[[ EXTRACTED MATERIAL open ]]

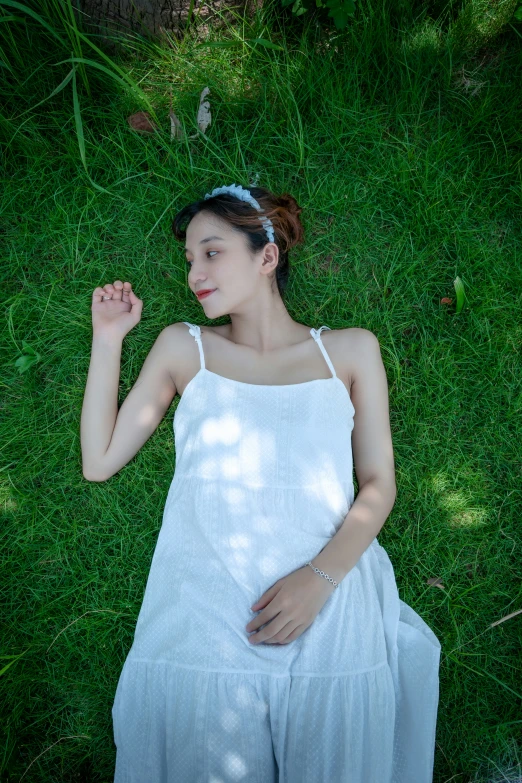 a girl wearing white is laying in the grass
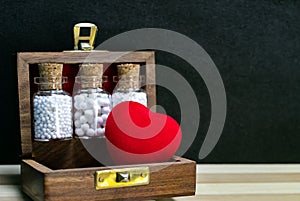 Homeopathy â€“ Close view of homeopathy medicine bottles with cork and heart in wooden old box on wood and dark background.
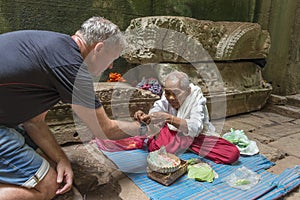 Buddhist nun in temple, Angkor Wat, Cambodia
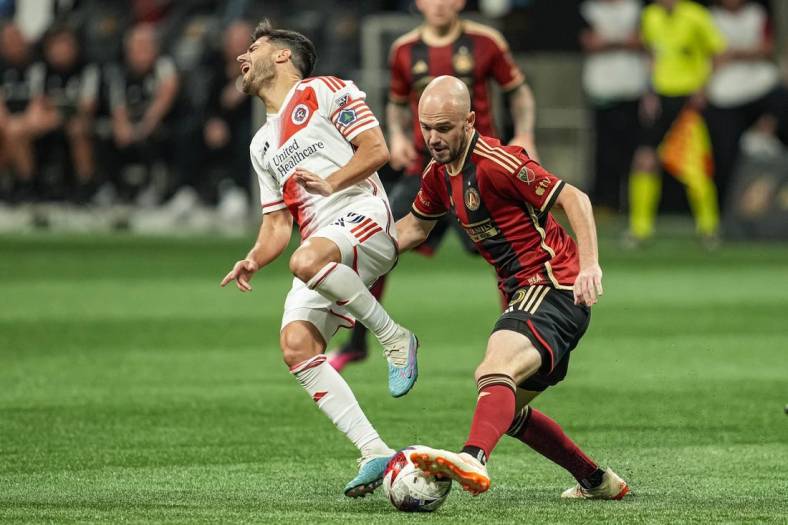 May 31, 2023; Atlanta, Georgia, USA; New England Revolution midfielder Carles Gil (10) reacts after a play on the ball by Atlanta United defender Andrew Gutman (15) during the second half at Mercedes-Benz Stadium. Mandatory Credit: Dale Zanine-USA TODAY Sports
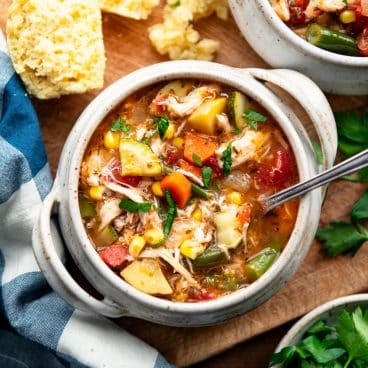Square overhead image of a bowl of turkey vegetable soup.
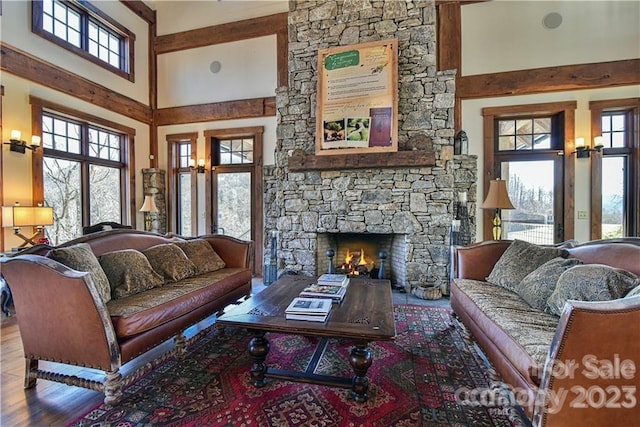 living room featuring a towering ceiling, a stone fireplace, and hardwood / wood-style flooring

[[ EXTRACTED MATERIAL closed ]]

§ WHAT YOU SHOULD DO: Print out each record exactly as shown, but keep the pictures out.

§ EXERCISE ANSWER:
 a girl wearing white is laying in the grass
 Homeopathy â€“ Close view of homeopathy medicine bottles with cork and heart in wooden old box on wood and dark background.
 Buddhist nun in temple, Angkor Wat, Cambodia
 May 31, 2023; Atlanta, Georgia, USA; New England Revolution midfielder Carles Gil (10) reacts after a play on the ball by Atlanta United defender Andrew Gutman (15) during the second half at Mercedes-Benz Stadium. Mandatory Credit: Dale Zanine-USA TODAY Sports
Square overhead image of a bowl of turkey vegetable soup.
 living room featuring a towering ceiling, a stone fireplace, and hardwood / wood-style flooring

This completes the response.